The horrific murder of George Floyd at the hands of Minneapolis police May 25 set off a tidal wave of national and global outrage that has renewed interest in and debate on Colin Kaepernick’s 2016 protests against racial inequality and police brutality.
Many of those denouncing the way police treat people of color can be seen down on one knee, reflecting the position Kaepernick, then quarterback of the San Francisco 49ers, and teammate Eric Reid assumed during the playing of “The Star-Spangled Banner” in the NFL’s 2016 preseason. (Originally, Kaepernick sat during the anthem but was advised by Nate Boyer, a former member of the Green Berets and the NFL, to kneel. )
What began as the protest of a few men snowballed into controversy in 2017 as President Donald J. Trump joined the chorus of those who saw Kaepernick’s gesture as disrespectful of the anthem, the flag, the military and the nation. As Trump exhorted NFL team owners with kneeling players to get “that son of b—— off the field,” more players knelt, linked arms and raised fists before a tense preseason game that September. The NFL, however, closed ranks against Kaepernick, who would lose his position, his job and ultimately his career in the league, which reached a settlement with him in 2019.
Context drives perception and time, as they say, is another country.
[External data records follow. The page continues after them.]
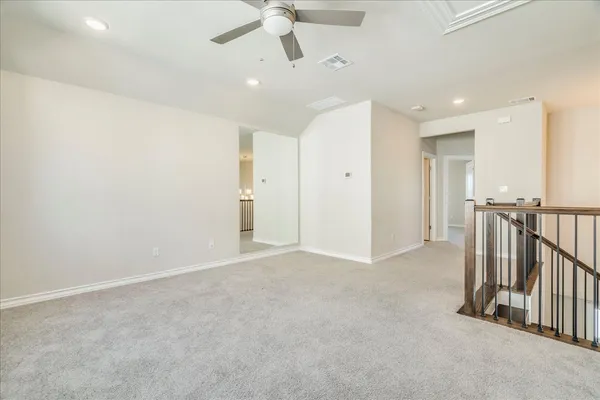 an empty room with staircase and a ceiling fan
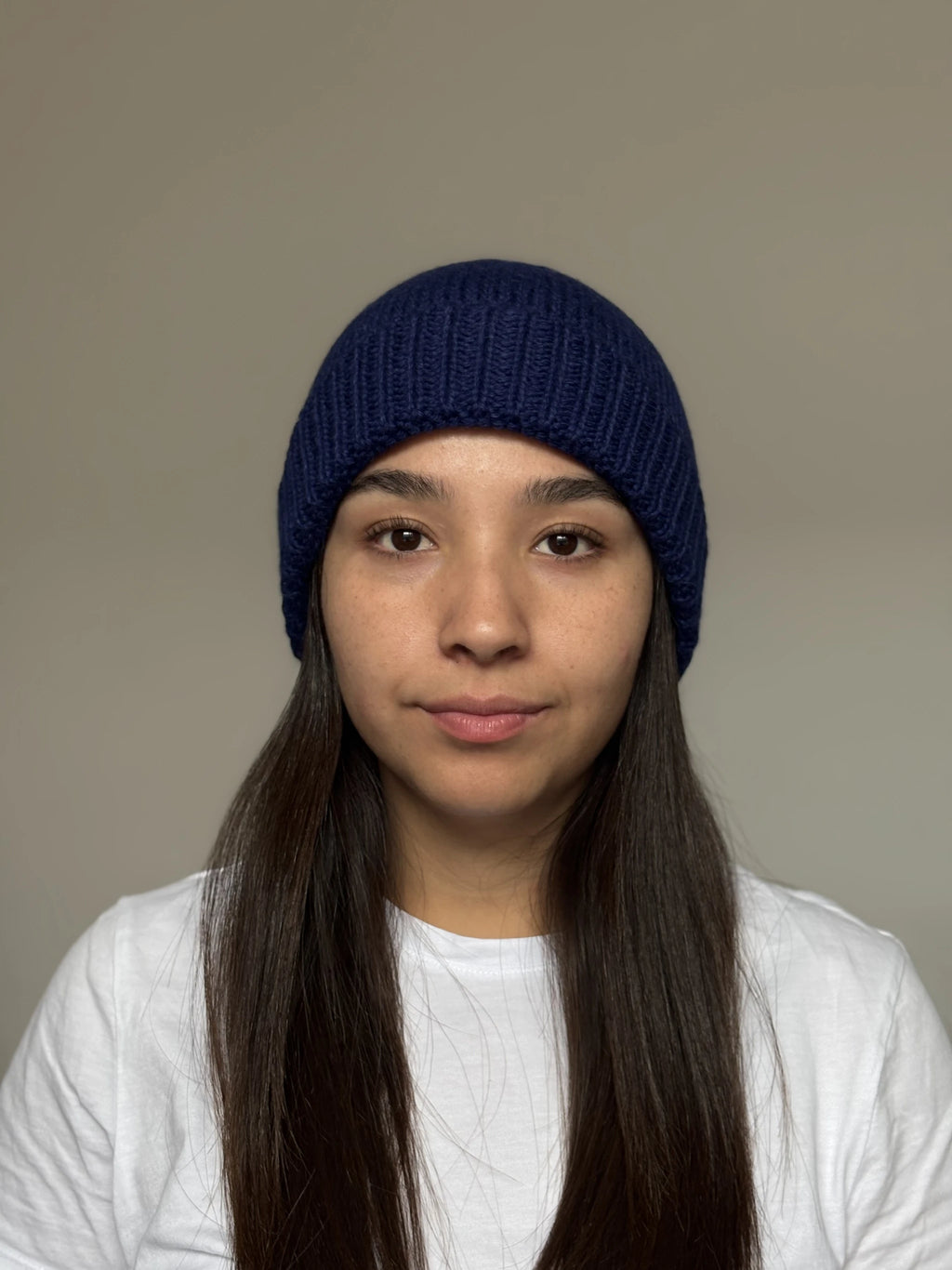 A beautiful young woman wearing a blue 100% Peruvian baby alpaca beanie in a white shirt with a neutral background 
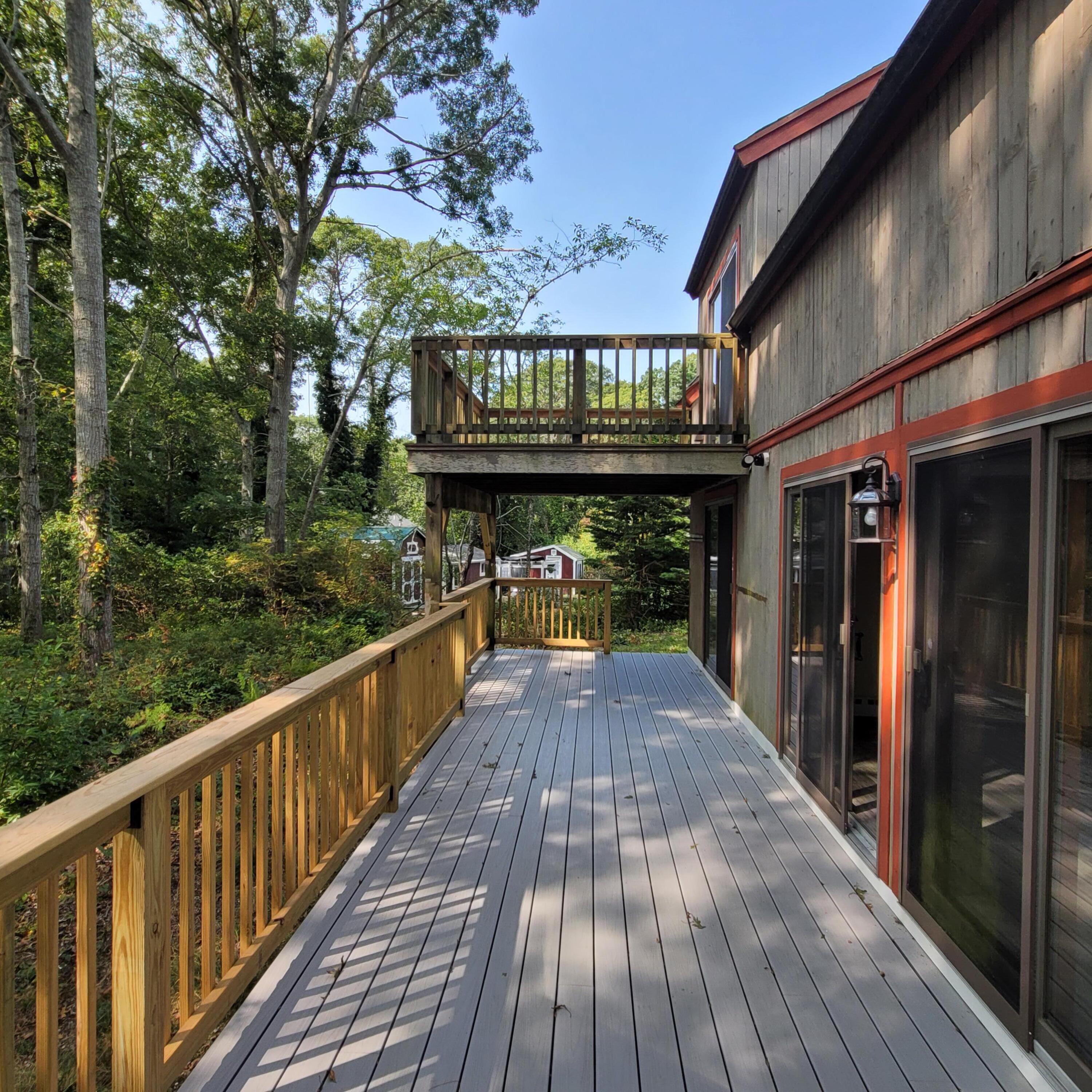 73 Suomi Road Hyannis, MA 02601 - Photo 12 of 13 a view of balcony with wooden floor and fence
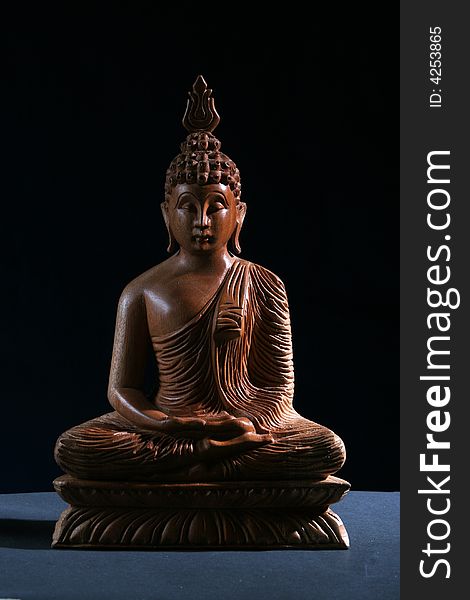Figurine wood buddha on black Background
Four years later, after a nation witnessed now former police officer Derek Chauvin knee George Floyd to death, the tide is with Kaepernick as those who were formerly opposed or even lukewarm to the protest, like New Orleans Saints’ quarterback Drew Brees and NFL commissioner Roger Goodell respectively, have come out in support of Black Lives Matter. They say they now understand what Kaepernick said at the time: “I am not protesting the anthem or the nation, I’m protesting organized brutality. To me, this is much bigger than football and it would be selfish to look the other way. There are bodies in the street and people getting paid leave and getting away with murder.”
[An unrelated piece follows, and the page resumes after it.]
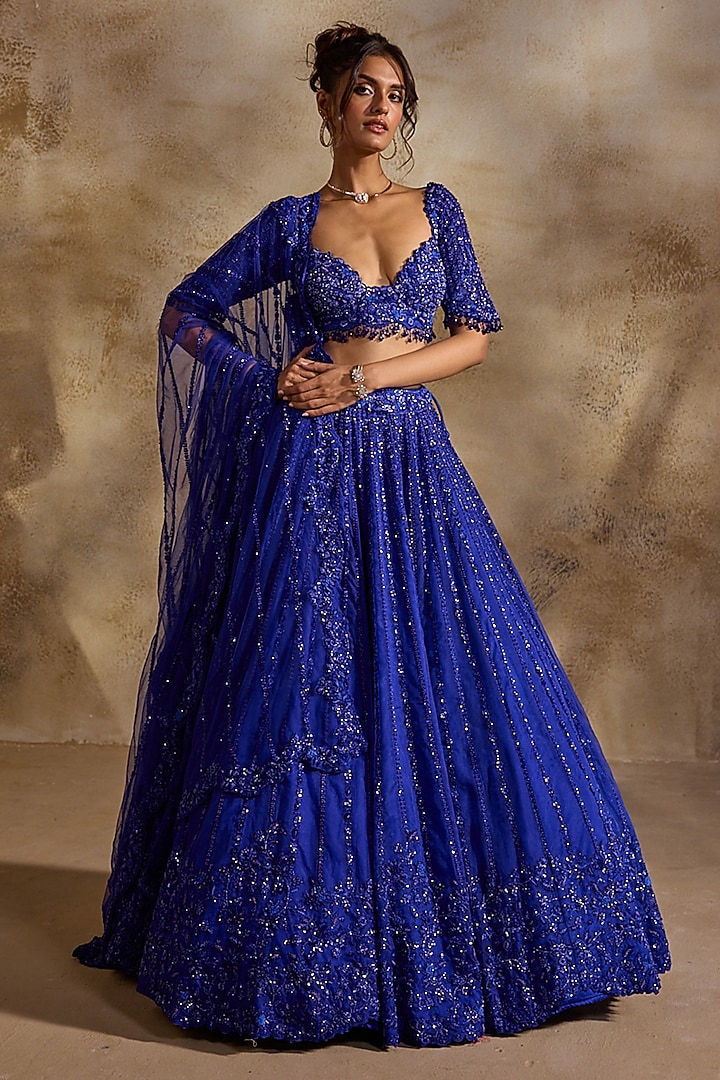 Electric Blue Tulle Crystal Embroidered Bridal Lehenga Set by NITIKA GUJRAL at Pernia's Pop Up Shop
Of course, it was about the anthem and the flag that represent the nation, too. It was what is known as gesture politics, but it was superb gesture politics, focusing on an act that resonates across cultures and centuries — the prayerful, respectful genuflection. (Reid poetically likened the position to a flag at half-mast in mourning for lives lost.) The gesture is said to have been introduced by Alexander the Great (356-323 B.C.) as a compromise between his conquered Persian subjects, who made an obeisance to him as their emperor, and his Greco-Macedonian army, which reserved such tribute for the gods. The Roman emperors, who modeled themselves after Alexander, took up the idea of having their subjects genuflect in homage, beginning as early as Septimius Severus (reigned 191-211). The medieval kings did the same.
Genuflecting survives in the high forms of Christianity, including Roman Catholicism, Anglicanism, Lutheranism and the Western Orthodox Church. It can also be seen in the presentation of the flag to the family of a fallen soldier, in the marriage proposal and, ironically, in athletes praying on the field. (Remember Tim Tebow tebowing?) But whereas you genuflect on the right knee in religious traditions, you propose or present the flag to the seated family on your left.)
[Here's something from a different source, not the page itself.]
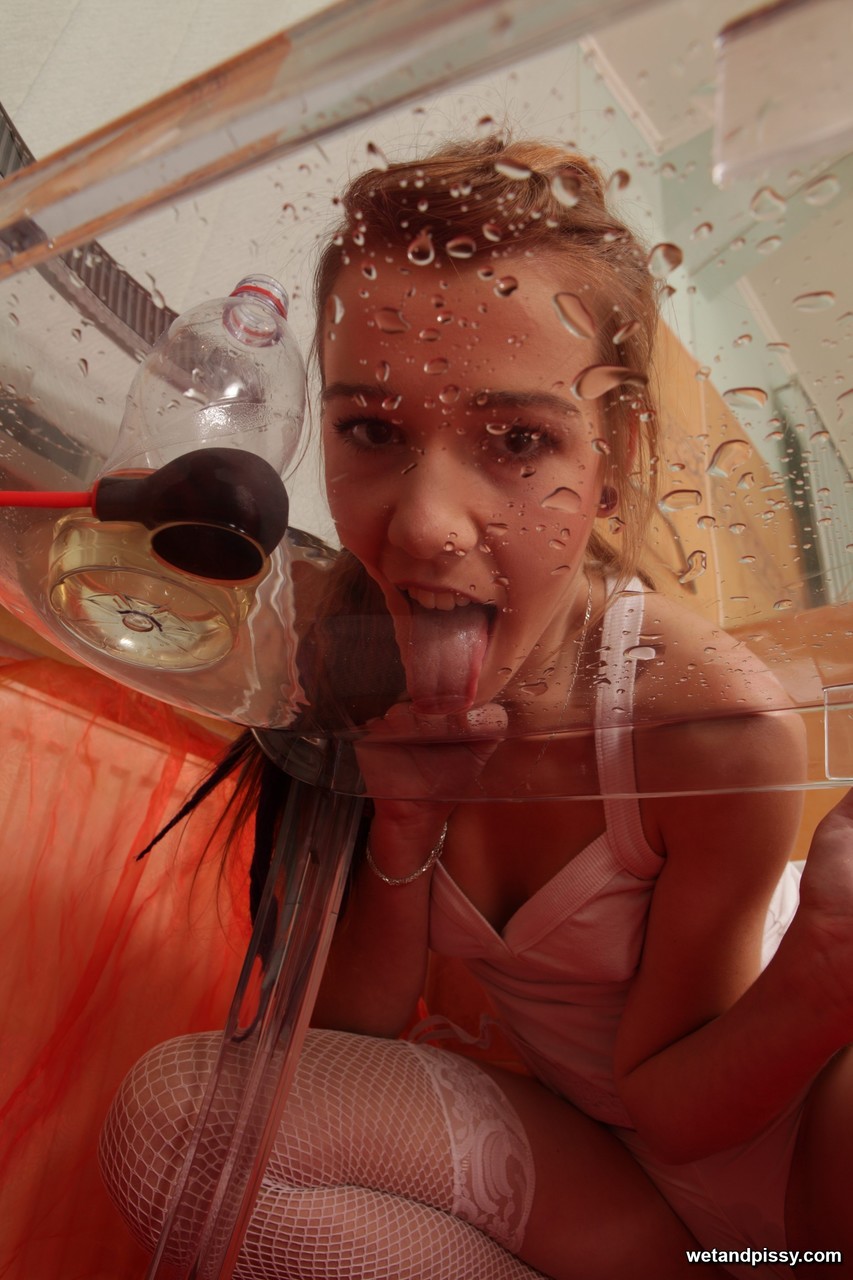 Teenage babe Liz takes a pee in a plastic bottle, drinks it and masturbates порно фото #428758053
The act of genuflecting, then, is a profoundly powerful, moving one — more so for its simple grace. Think of Leonardo’s “The Annunciation” (1472, oil on panel, Uffizi Gallery) and the tender way in which the archangel Gabriel kneels and raises a gentle hand so as not to startle the demure Virgin Mary any more than he must with his news that she is to be the mother of Jesus. What Kaepernick did was to fuse that respect with a remove. This makes his gesture vastly different from the flag-burning protesters of the 1960s, Muhammed Ali’s fierce refusal to go to the Vietnam War or runners Tommie Smith and John Carlos, who raised a black-gloved fist in the Black Power salute on the medal stand at the 1968 Summer Olympics in Mexico City. Less confrontationally but just as forcefully, Kaepernick’s gesture said, “I will give you your due, even supplicate you, but I will not be bowed.” Indeed, it seems to have taken a page from the playbook of the Chinese philosopher Lao Tzu, who exhorted followers to “yield and overcome.”
The irony is that when a quarterback takes a knee in football it’s to end a play. Instead, Kaepernick and company used the gesture to ignite a movement.